Top of Supplied records

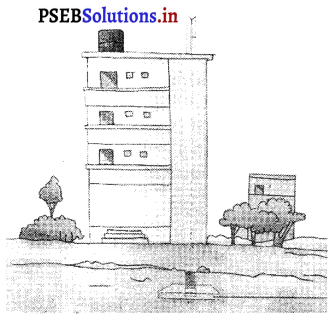 PSEB 8th Class Science Solutions Chapter 15 कुछ प्राकृतिक परिघटनाएँ 4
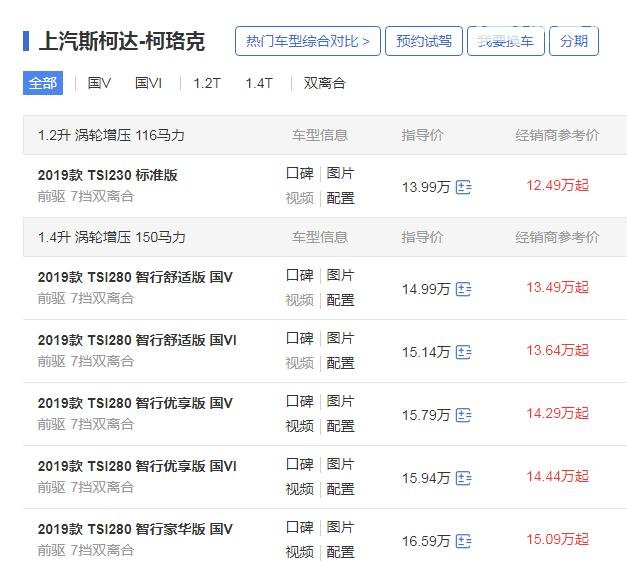 斯柯达柯珞克报价 斯柯达柯珞克2019款多少钱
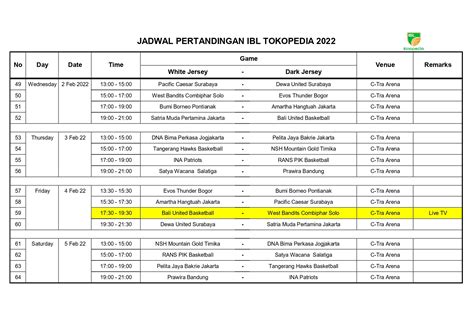 Jadwal Ibl Seri Jakarta Dan Bandung Mainbasket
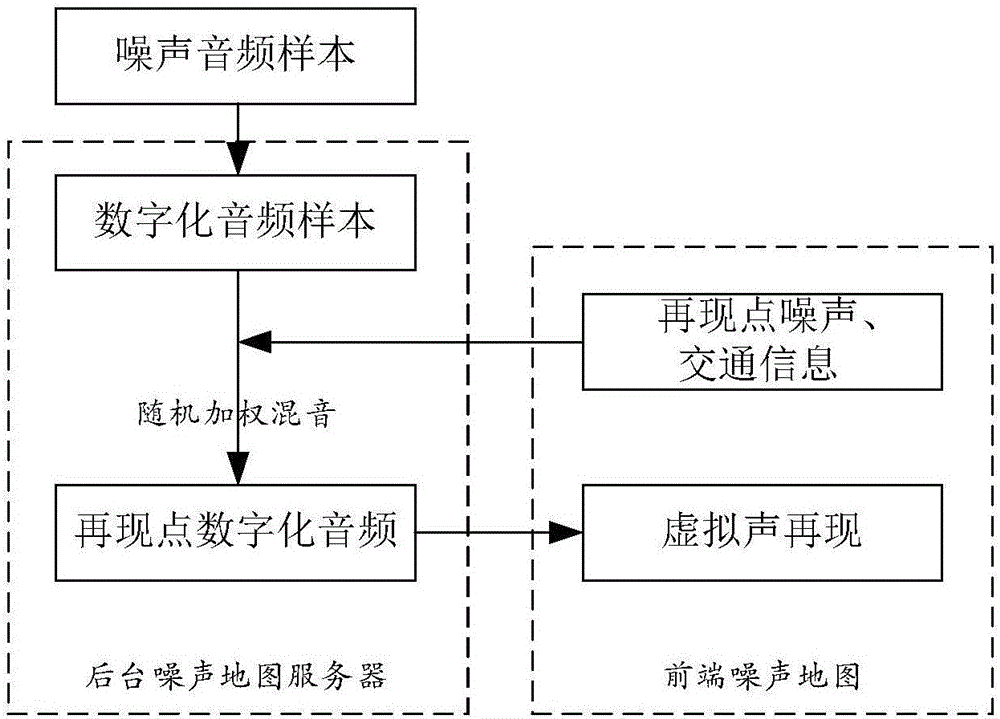 Method for representing virtual sound of traffic noise map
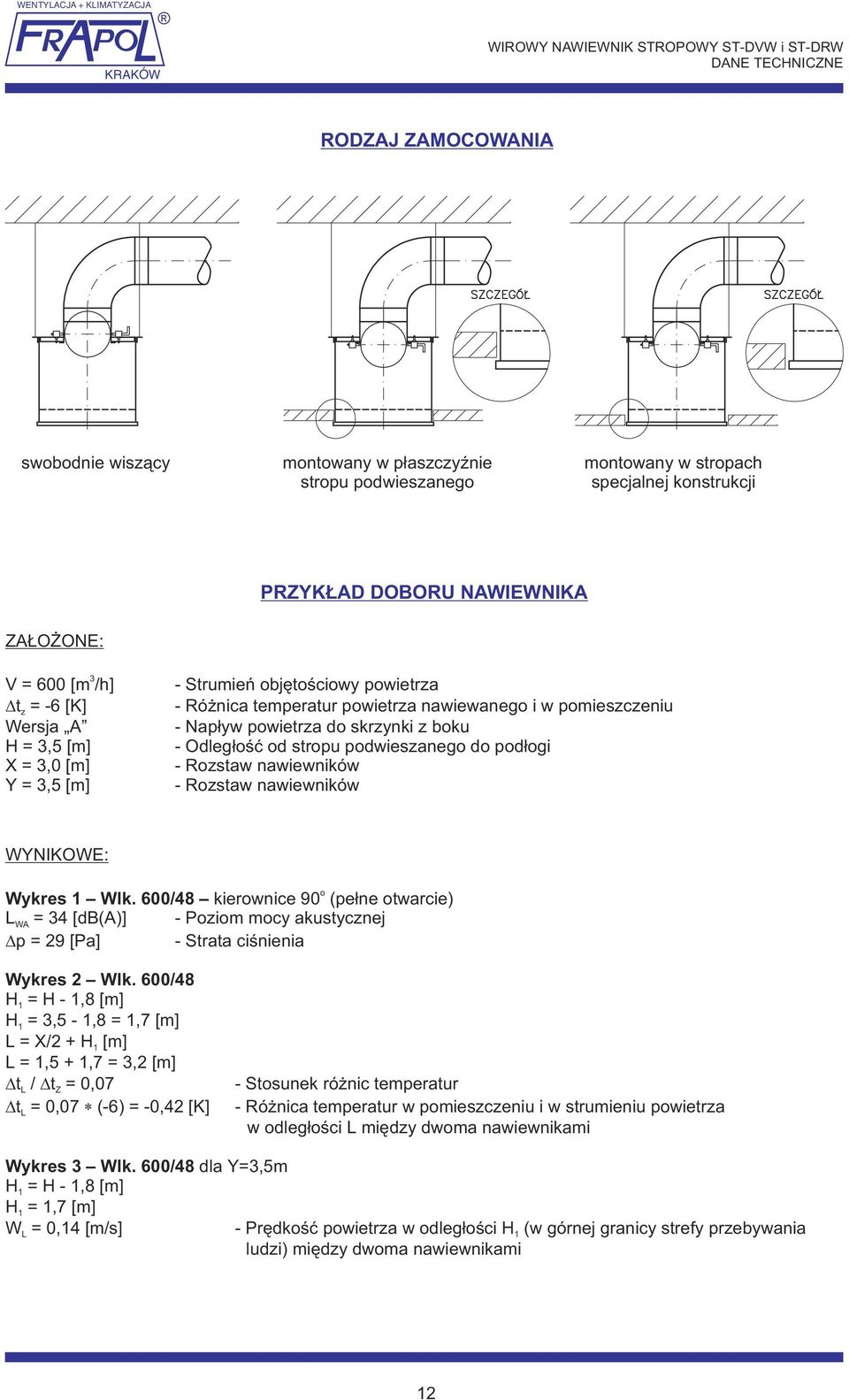 Odleg³oœæ od stropu podwieszanego do pod³ogi X = 3,0 [m] - Rozstaw nawiewników Y = 3,5 [m] - Rozstaw nawiewników WYNIKOWE: o Wykres 1 Wlk.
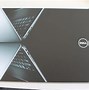 Image result for Dell Laptop Looks Like MacBook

Bottom of Supplied records

> _What is required_: Copy every line exactly, from the opening line of the entries down to the line holding "Odleg³oœæ od stropu", and keep the pictures out.

> _Answer to this task_:
 PSEB 8th Class Science Solutions Chapter 15 कुछ प्राकृतिक परिघटनाएँ 4
 斯柯达柯珞克报价 斯柯达柯珞克2019款多少钱
 Jadwal Ibl Seri Jakarta Dan Bandung Mainbasket
 Method for representing virtual sound of traffic noise map
 Odleg³oœæ od stropu podwieszanego do pod³ogi X = 3,0 [m] - Rozstaw nawiewników Y = 3,5 [m] - Rozstaw nawiewników WYNIKOWE: o Wykres 1 Wlk.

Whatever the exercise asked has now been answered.